Records for this task below:
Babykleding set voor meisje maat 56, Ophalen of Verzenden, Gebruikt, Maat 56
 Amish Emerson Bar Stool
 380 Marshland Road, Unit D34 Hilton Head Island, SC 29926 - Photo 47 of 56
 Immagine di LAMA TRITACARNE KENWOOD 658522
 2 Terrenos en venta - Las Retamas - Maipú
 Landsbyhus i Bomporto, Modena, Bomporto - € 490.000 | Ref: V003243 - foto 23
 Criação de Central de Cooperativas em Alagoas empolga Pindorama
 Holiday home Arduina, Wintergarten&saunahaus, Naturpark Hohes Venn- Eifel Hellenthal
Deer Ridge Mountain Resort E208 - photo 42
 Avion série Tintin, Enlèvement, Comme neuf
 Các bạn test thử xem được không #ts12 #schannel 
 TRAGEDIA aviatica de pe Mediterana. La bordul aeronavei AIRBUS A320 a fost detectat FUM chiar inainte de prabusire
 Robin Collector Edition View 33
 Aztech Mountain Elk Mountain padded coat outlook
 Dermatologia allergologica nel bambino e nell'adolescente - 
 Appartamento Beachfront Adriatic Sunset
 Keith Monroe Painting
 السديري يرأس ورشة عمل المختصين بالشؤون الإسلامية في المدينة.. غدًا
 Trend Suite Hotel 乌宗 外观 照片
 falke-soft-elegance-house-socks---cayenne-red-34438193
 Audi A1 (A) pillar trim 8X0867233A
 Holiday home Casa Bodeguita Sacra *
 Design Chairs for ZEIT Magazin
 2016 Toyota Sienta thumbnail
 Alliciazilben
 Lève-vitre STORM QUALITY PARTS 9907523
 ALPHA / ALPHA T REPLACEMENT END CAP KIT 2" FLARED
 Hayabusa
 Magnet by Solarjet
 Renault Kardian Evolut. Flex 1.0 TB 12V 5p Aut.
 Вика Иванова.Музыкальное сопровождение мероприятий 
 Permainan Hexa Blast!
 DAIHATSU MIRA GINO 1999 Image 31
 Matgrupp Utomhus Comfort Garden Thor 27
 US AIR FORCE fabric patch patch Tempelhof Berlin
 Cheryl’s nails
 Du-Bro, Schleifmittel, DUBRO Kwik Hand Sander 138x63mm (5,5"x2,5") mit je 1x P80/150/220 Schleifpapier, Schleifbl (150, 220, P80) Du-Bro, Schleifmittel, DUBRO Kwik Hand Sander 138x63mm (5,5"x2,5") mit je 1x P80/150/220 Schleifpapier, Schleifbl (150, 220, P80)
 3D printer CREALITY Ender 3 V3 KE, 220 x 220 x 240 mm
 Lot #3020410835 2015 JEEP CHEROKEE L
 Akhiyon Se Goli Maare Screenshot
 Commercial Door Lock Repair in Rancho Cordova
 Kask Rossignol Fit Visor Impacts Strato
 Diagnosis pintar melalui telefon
End of Records for this task.
What is required> Give all the records again. Match them exactly.

Solution>
Babykleding set voor meisje maat 56, Ophalen of Verzenden, Gebruikt, Maat 56
 Amish Emerson Bar Stool
 380 Marshland Road, Unit D34 Hilton Head Island, SC 29926 - Photo 47 of 56
 Immagine di LAMA TRITACARNE KENWOOD 658522
 2 Terrenos en venta - Las Retamas - Maipú
 Landsbyhus i Bomporto, Modena, Bomporto - € 490.000 | Ref: V003243 - foto 23
 Criação de Central de Cooperativas em Alagoas empolga Pindorama
 Holiday home Arduina, Wintergarten&saunahaus, Naturpark Hohes Venn- Eifel Hellenthal
Deer Ridge Mountain Resort E208 - photo 42
 Avion série Tintin, Enlèvement, Comme neuf
 Các bạn test thử xem được không #ts12 #schannel 
 TRAGEDIA aviatica de pe Mediterana. La bordul aeronavei AIRBUS A320 a fost detectat FUM chiar inainte de prabusire
 Robin Collector Edition View 33
 Aztech Mountain Elk Mountain padded coat outlook
 Dermatologia allergologica nel bambino e nell'adolescente - 
 Appartamento Beachfront Adriatic Sunset
 Keith Monroe Painting
 السديري يرأس ورشة عمل المختصين بالشؤون الإسلامية في المدينة.. غدًا
 Trend Suite Hotel 乌宗 外观 照片
 falke-soft-elegance-house-socks---cayenne-red-34438193
 Audi A1 (A) pillar trim 8X0867233A
 Holiday home Casa Bodeguita Sacra *
 Design Chairs for ZEIT Magazin
 2016 Toyota Sienta thumbnail
 Alliciazilben
 Lève-vitre STORM QUALITY PARTS 9907523
 ALPHA / ALPHA T REPLACEMENT END CAP KIT 2" FLARED
 Hayabusa
 Magnet by Solarjet
 Renault Kardian Evolut. Flex 1.0 TB 12V 5p Aut.
 Вика Иванова.Музыкальное сопровождение мероприятий 
 Permainan Hexa Blast!
 DAIHATSU MIRA GINO 1999 Image 31
 Matgrupp Utomhus Comfort Garden Thor 27
 US AIR FORCE fabric patch patch Tempelhof Berlin
 Cheryl’s nails
 Du-Bro, Schleifmittel, DUBRO Kwik Hand Sander 138x63mm (5,5"x2,5") mit je 1x P80/150/220 Schleifpapier, Schleifbl (150, 220, P80) Du-Bro, Schleifmittel, DUBRO Kwik Hand Sander 138x63mm (5,5"x2,5") mit je 1x P80/150/220 Schleifpapier, Schleifbl (150, 220, P80)
 3D printer CREALITY Ender 3 V3 KE, 220 x 220 x 240 mm
 Lot #3020410835 2015 JEEP CHEROKEE L
 Akhiyon Se Goli Maare Screenshot
 Commercial Door Lock Repair in Rancho Cordova
 Kask Rossignol Fit Visor Impacts Strato
 Diagnosis pintar melalui telefon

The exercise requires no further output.